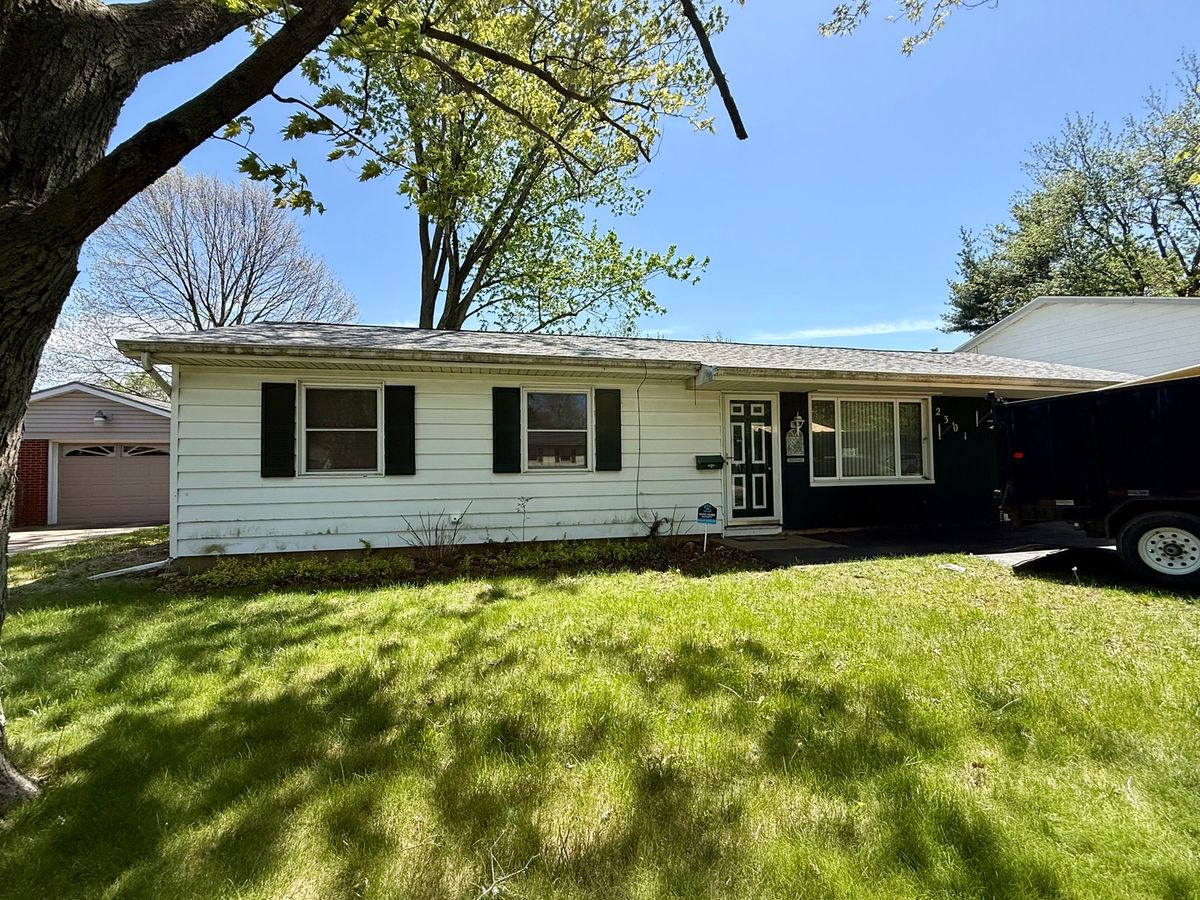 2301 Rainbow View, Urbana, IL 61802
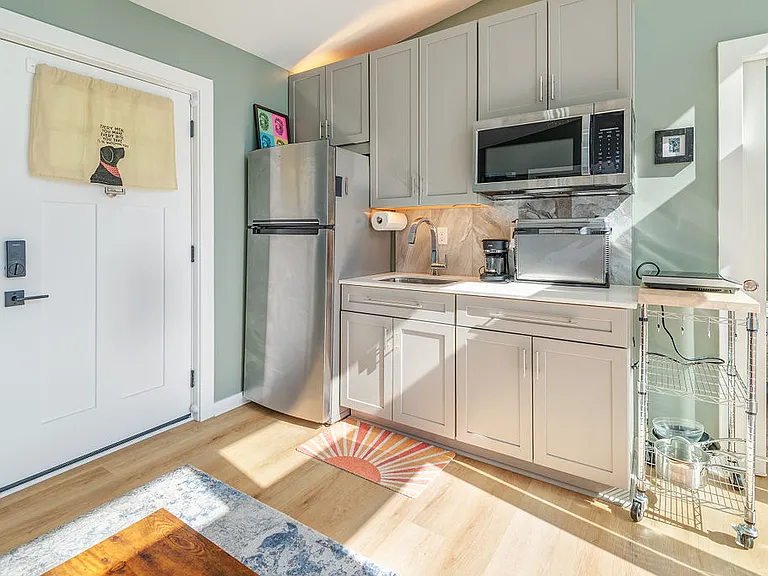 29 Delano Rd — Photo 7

···

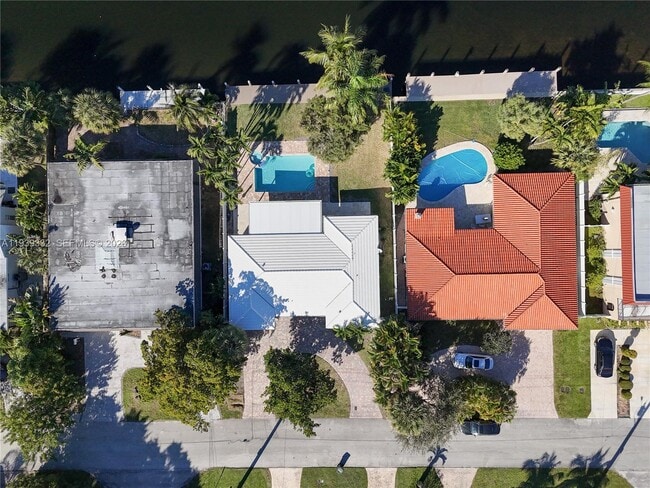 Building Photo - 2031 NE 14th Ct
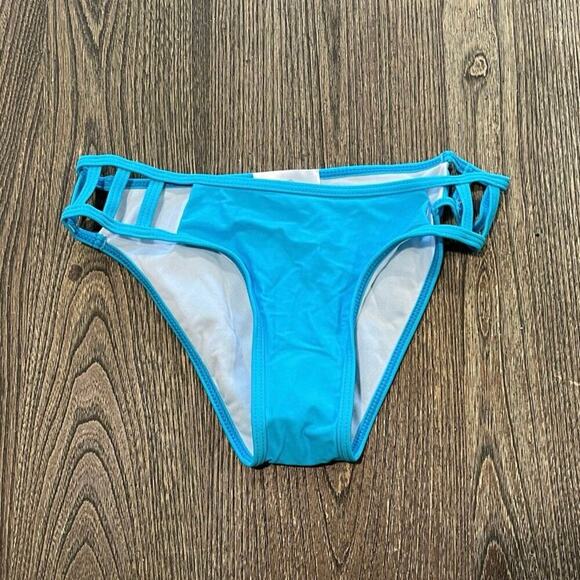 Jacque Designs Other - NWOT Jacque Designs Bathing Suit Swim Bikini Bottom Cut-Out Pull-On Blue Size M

···

| INSTRUCTIONS FOR THE TASK |
Starting at the line above that holds "2301 Rainbow View, Urbana, IL 61802", repeat every line exactly down to and including the line that holds "29 Delano Rd — Photo 7", then stop. Do not carry over any pictures.

| ANSWER FOR THIS EXERCISE |
 2301 Rainbow View, Urbana, IL 61802
 29 Delano Rd — Photo 7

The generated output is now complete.